● Short web captions:
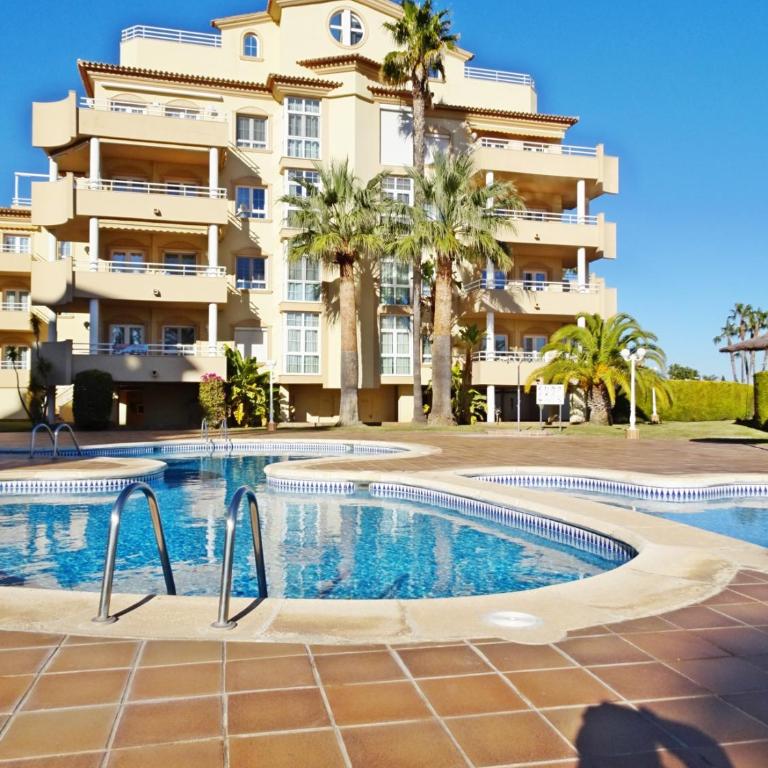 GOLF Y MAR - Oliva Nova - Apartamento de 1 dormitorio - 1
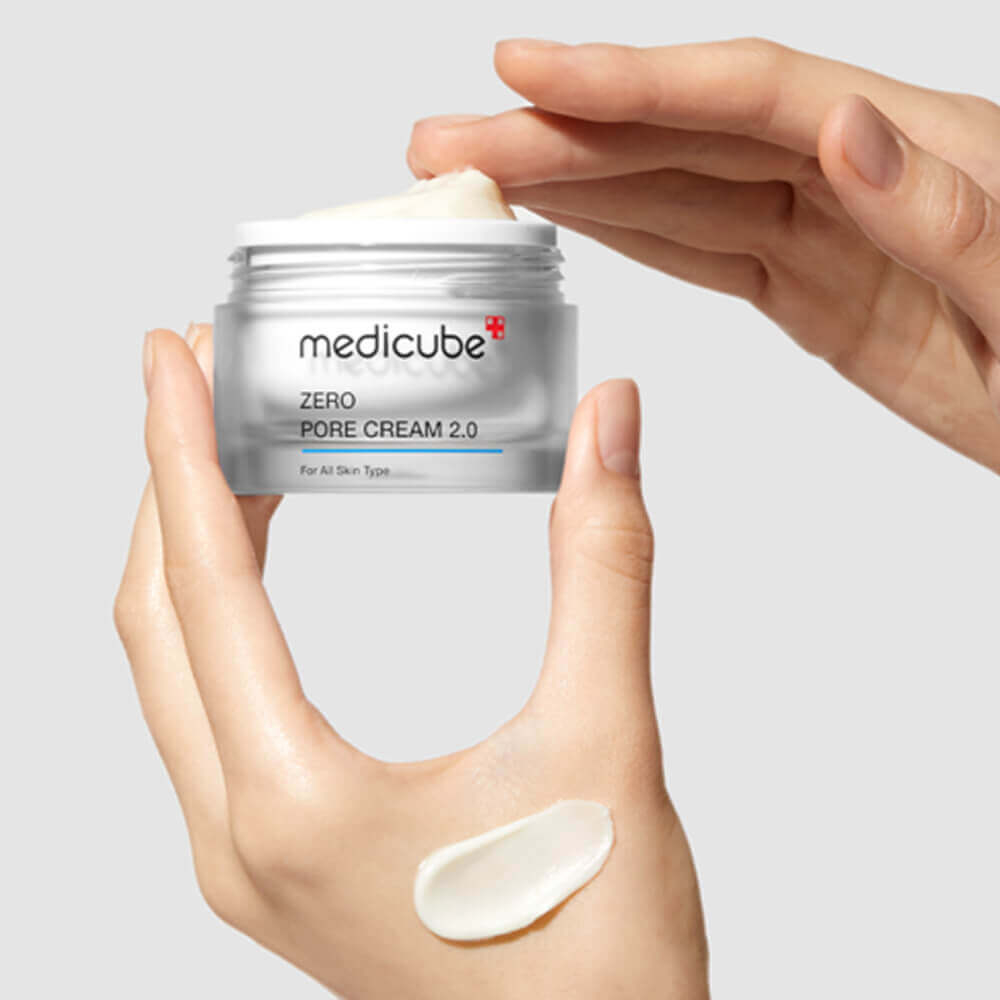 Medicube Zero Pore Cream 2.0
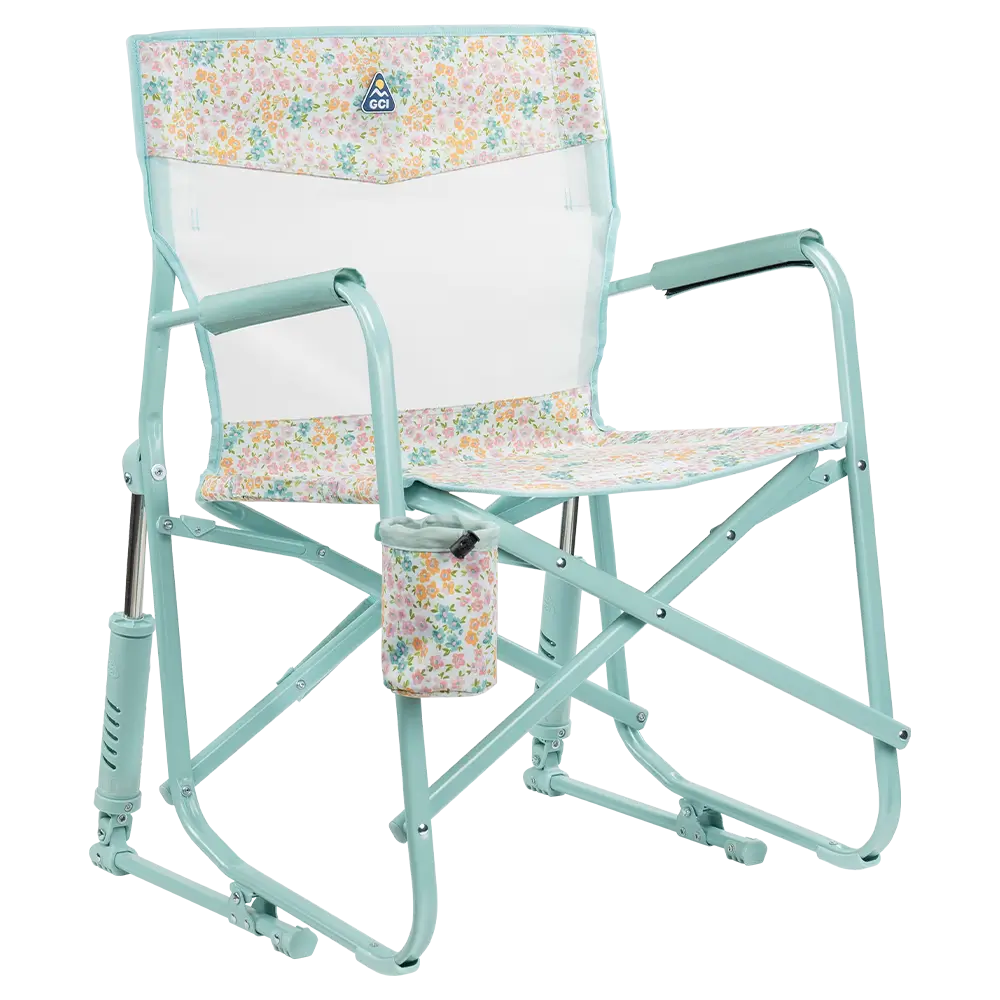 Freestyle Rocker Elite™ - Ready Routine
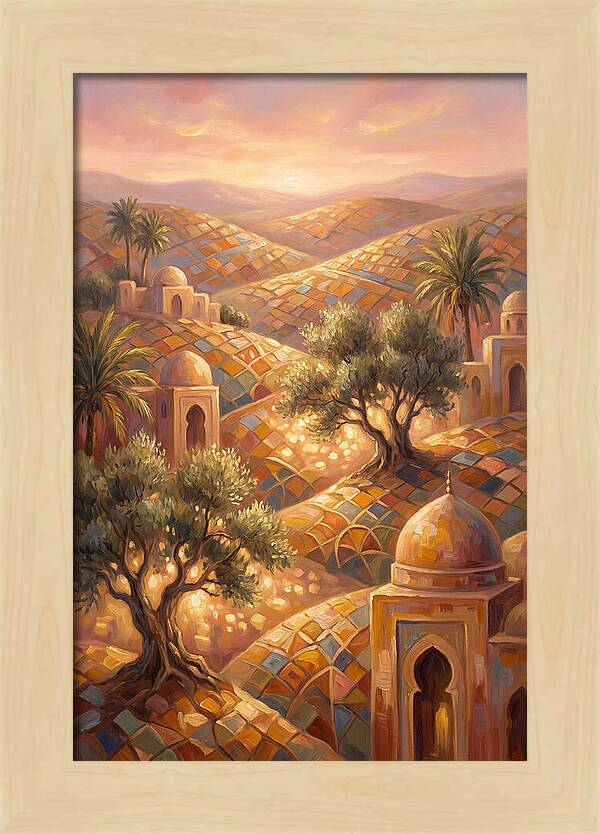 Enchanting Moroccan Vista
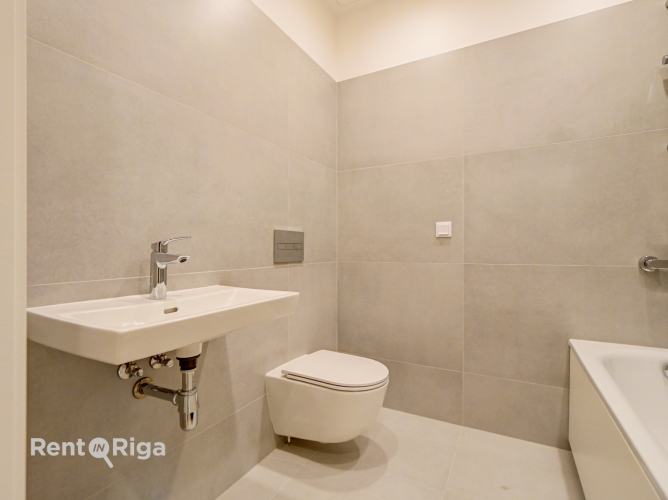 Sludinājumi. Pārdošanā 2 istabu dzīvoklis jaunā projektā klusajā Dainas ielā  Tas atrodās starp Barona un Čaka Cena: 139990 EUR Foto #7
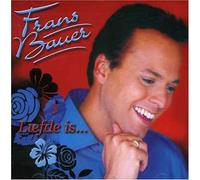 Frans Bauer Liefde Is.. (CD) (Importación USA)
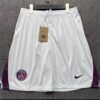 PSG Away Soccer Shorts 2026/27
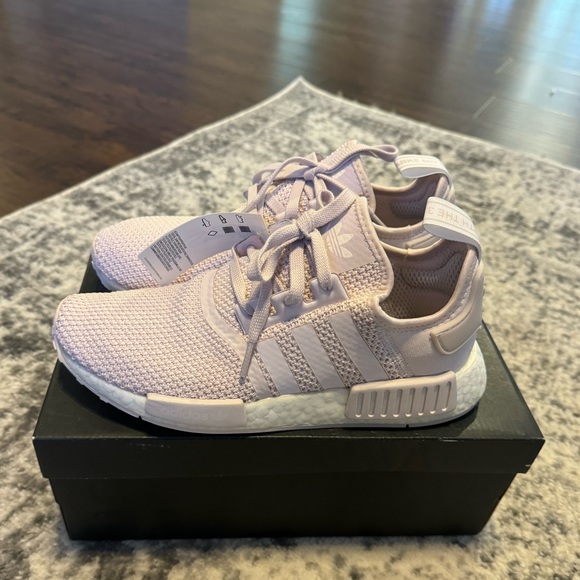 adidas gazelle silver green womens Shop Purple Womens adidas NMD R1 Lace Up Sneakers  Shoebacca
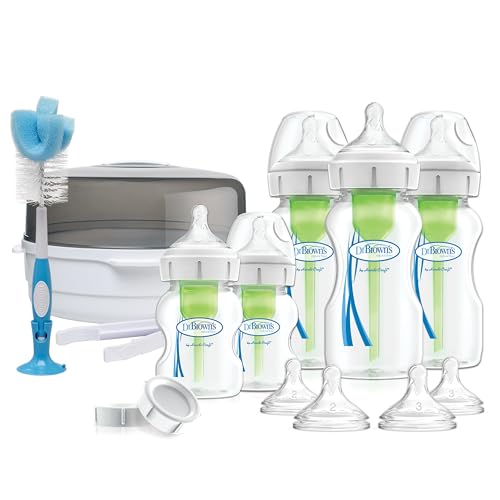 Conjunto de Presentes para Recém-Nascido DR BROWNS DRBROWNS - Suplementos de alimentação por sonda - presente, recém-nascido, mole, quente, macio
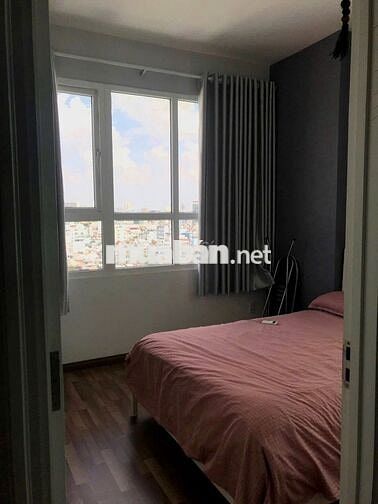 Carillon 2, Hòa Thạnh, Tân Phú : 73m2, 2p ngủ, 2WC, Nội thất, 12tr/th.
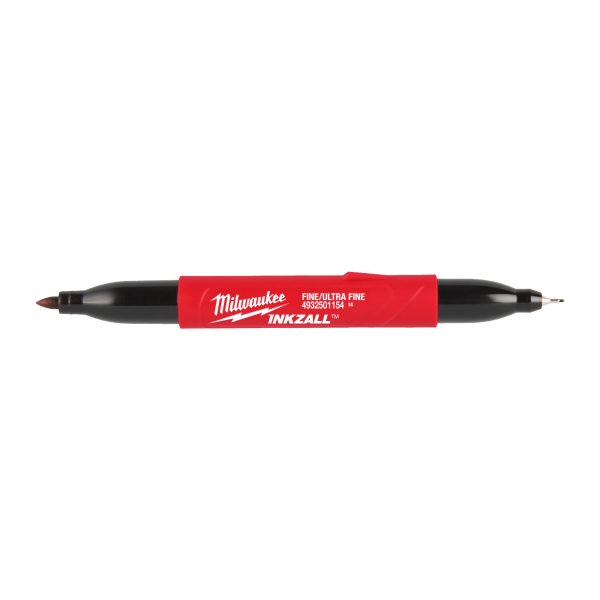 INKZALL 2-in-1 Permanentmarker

● WHAT IS REQUIRED: Write out a verbatim copy of the lines from the line that contains "adidas gazelle silver" through the end of the entries above; pictures are not copied.

● RESPONSE TO THIS TASK:
 adidas gazelle silver green womens Shop Purple Womens adidas NMD R1 Lace Up Sneakers  Shoebacca
 Conjunto de Presentes para Recém-Nascido DR BROWNS DRBROWNS - Suplementos de alimentação por sonda - presente, recém-nascido, mole, quente, macio
 Carillon 2, Hòa Thạnh, Tân Phú : 73m2, 2p ngủ, 2WC, Nội thất, 12tr/th.
 INKZALL 2-in-1 Permanentmarker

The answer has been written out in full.